Now that I’ve written about the fundamentals of personal branding and the importance of creating your personal mission statement, I’d like to further explore the concept of understanding and developing your “sales pitch.”

The quote above is attributed to David Ogilvy, one of the trailblazers in modern advertising. Ogilvy was a savvy businessman who understood that his clients developed some of the most useful products ever brought to the marketplace (including Schweppes beverages, Rolls-Royce and Dove soap). Ogilvy was also a shrewd marketing genius who understood that these world-class products could not sell themselves…they had to be presented to an audience in such a way that made them appealing.

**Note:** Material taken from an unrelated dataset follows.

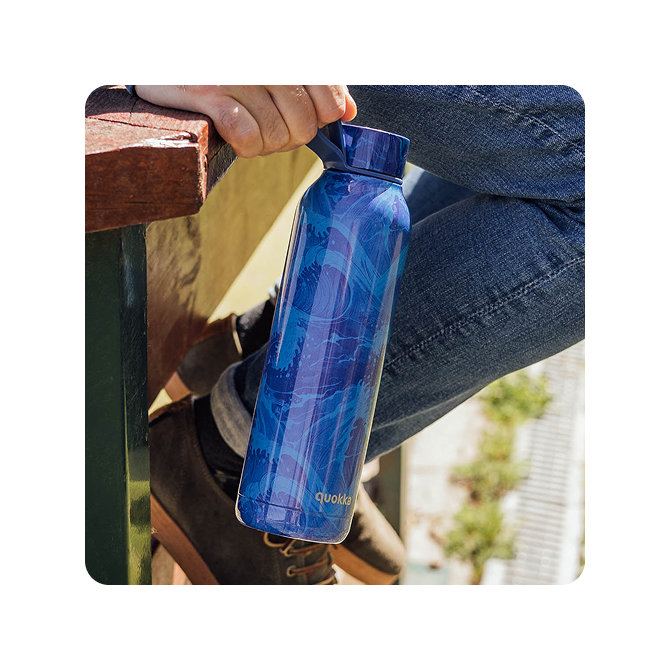 QUOKKA BOTELLA TERMO ACERO INOXIDABLE SOLID CON COLGADOR WAVES 630 ML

Similarly, you must be shrewd enough to understand that your peers and followers can’t learn of your talents and skills through osmosis – you have to show and tell what you’re capable of doingIn sales, we call that the “sales pitch” – the statement (verbal or implied) that demonstrates how our products or services will help you overcome your challenges.

You can’t convey your personal brand without demonstrating your attributes, so:

  • Be visible inside AND outside of your organization – be willing to put yourself AND your talents on display
  • Volunteer to lead project teams in your area of expertise
  • Mentor new hires and colleagues
  • Join professional associations and contribute your knowledge and expertise
  • Market yourself and your skills to your colleagues and network of associates

There’s a fine line between arrogance and assurance, but don’t let that stop you from being proud of and demonstrating your talents, abilities, gifts, and skills. You certainly don’t want to be known as the office braggart or the leader who can’t stop talking about themselves. You do, however, want to be known as someone who is highly recognizable, inspires trust and loyalty, and is a promise of value. If you’re truly the CEO of You, Inc. you have to be comfortable and willing to sell your most important resource…YOU.